[Brief descriptive captions]
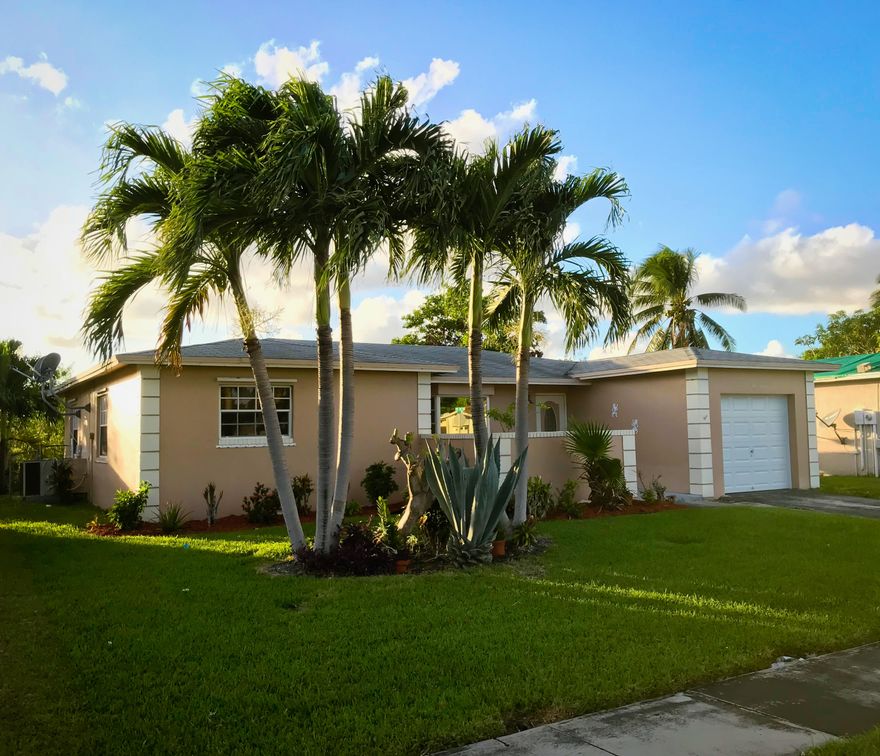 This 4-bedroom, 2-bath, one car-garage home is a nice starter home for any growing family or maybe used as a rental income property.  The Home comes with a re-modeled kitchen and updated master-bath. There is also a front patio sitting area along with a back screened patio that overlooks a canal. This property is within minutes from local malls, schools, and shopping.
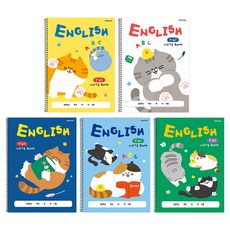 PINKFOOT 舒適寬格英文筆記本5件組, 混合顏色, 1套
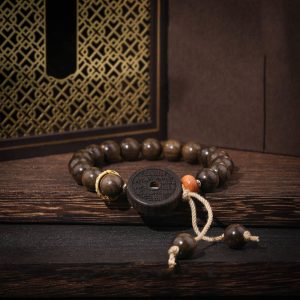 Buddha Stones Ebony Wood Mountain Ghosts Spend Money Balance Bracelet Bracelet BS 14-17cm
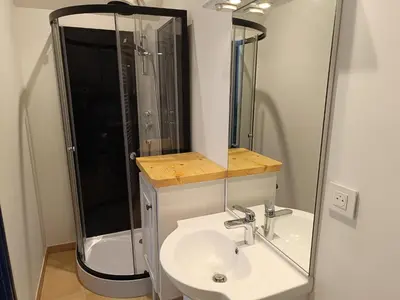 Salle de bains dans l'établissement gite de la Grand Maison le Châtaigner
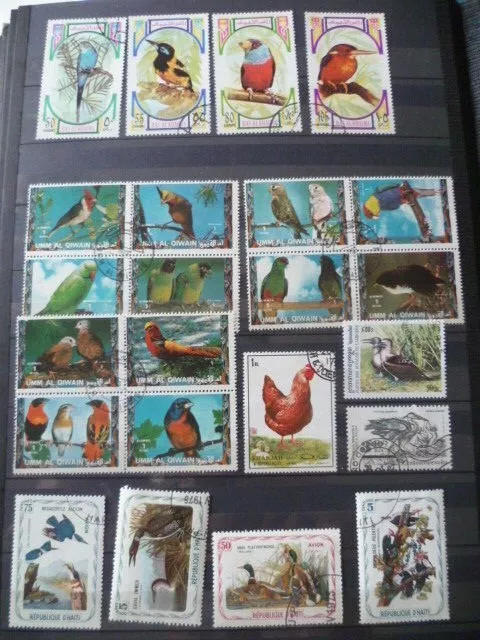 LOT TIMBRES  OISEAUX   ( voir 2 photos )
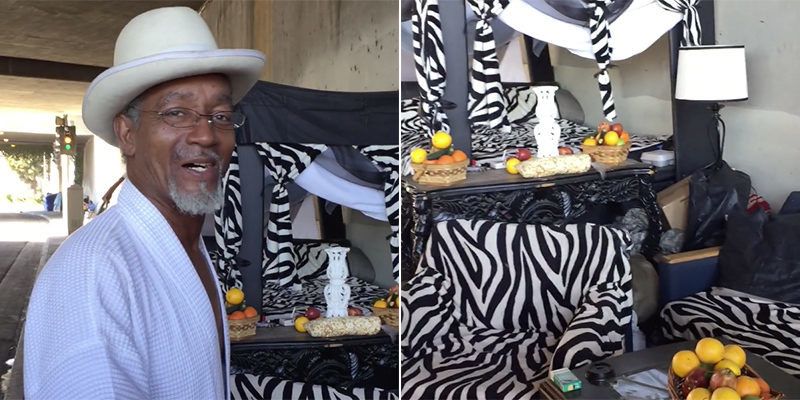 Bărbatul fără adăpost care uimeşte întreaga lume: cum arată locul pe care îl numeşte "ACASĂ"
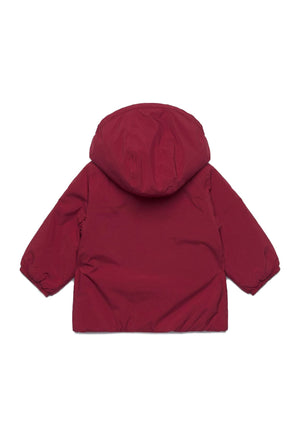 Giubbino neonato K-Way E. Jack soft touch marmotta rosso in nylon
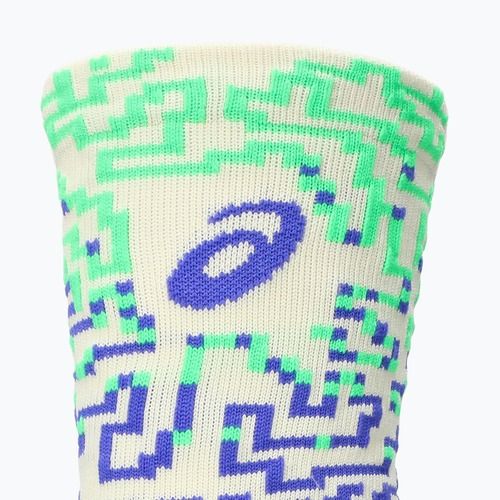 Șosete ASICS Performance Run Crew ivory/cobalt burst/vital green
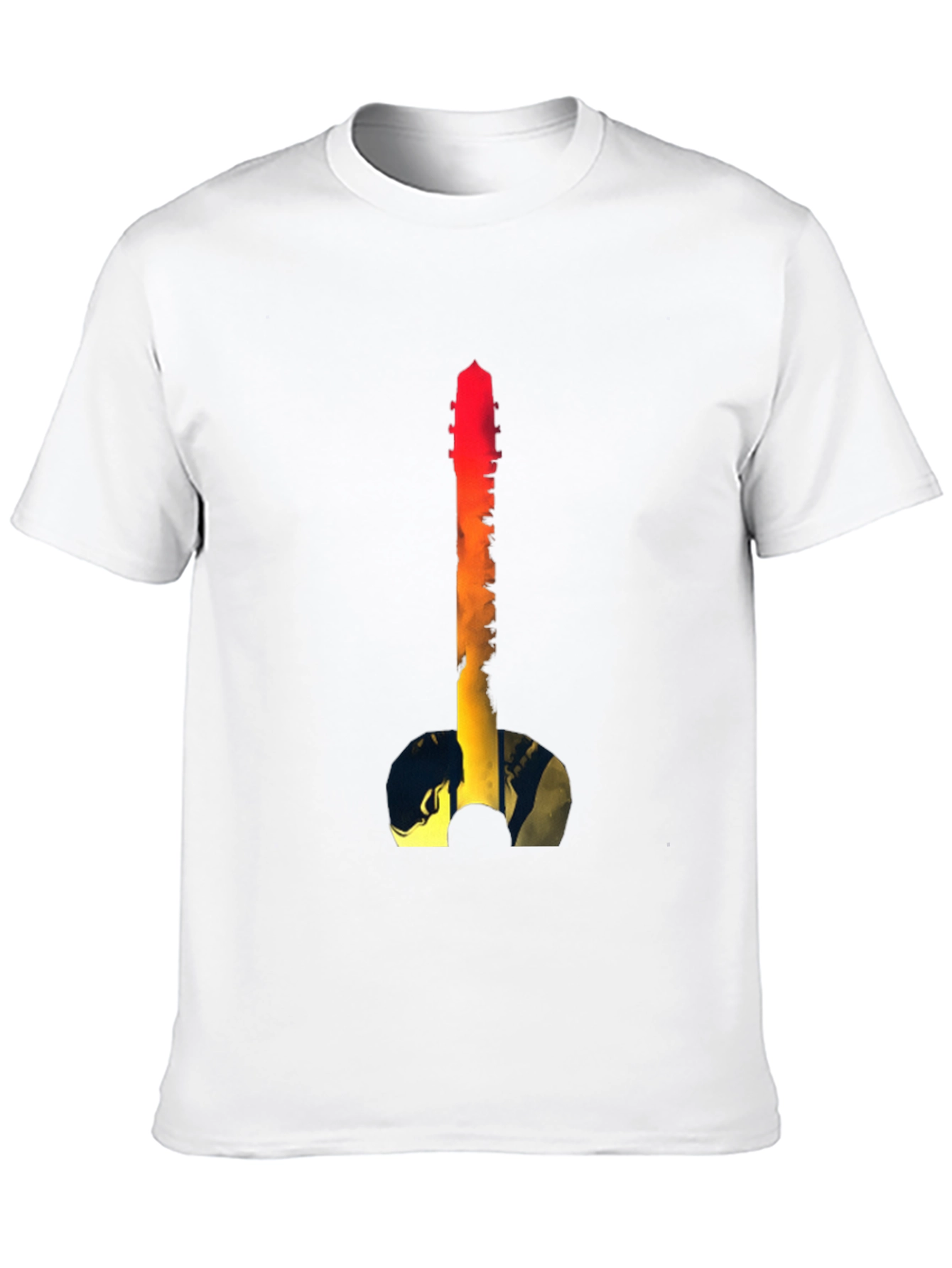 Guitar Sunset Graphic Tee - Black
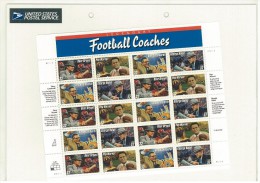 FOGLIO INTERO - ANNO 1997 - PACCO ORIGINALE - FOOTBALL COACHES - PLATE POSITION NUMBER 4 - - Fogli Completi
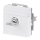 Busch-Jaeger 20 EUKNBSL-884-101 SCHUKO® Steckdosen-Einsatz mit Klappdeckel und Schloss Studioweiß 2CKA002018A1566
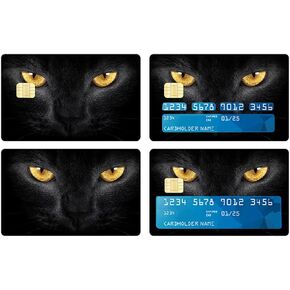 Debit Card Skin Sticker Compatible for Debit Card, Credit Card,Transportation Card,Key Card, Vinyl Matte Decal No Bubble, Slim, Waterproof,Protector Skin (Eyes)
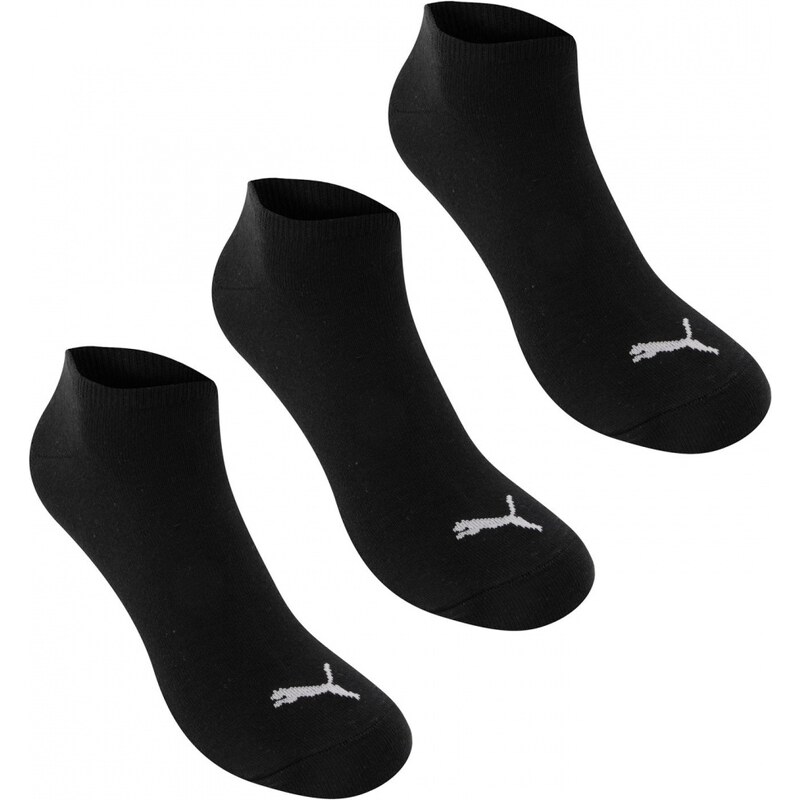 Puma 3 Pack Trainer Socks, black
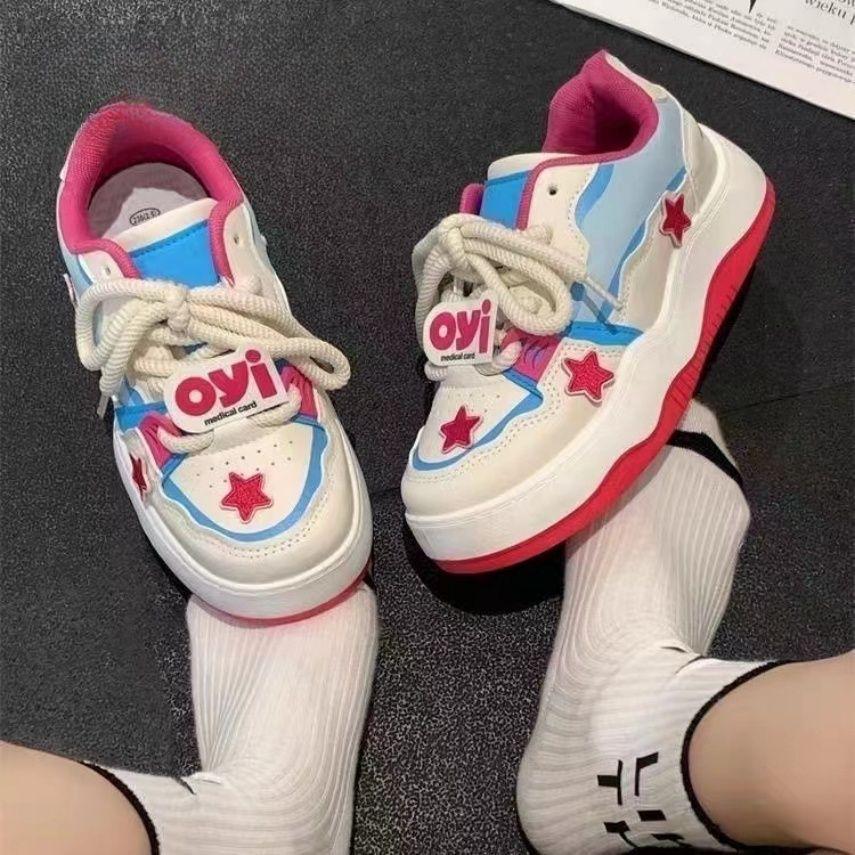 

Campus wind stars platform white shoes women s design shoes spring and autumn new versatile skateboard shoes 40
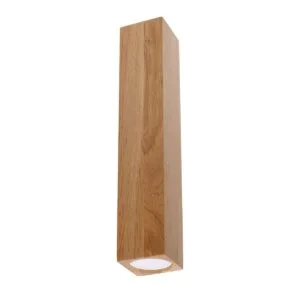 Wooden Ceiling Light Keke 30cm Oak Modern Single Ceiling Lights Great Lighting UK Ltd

- [Exercise requirements] Set the pictures aside and transcribe exactly the stretch of lines above, beginning with the one holding "Buddha Stones Ebony" and ending with the one holding "Giubbino neonato K-Way".

- [Written response]
 Buddha Stones Ebony Wood Mountain Ghosts Spend Money Balance Bracelet Bracelet BS 14-17cm
 Salle de bains dans l'établissement gite de la Grand Maison le Châtaigner
 LOT TIMBRES  OISEAUX   ( voir 2 photos )
 Bărbatul fără adăpost care uimeşte întreaga lume: cum arată locul pe care îl numeşte "ACASĂ"
 Giubbino neonato K-Way E. Jack soft touch marmotta rosso in nylon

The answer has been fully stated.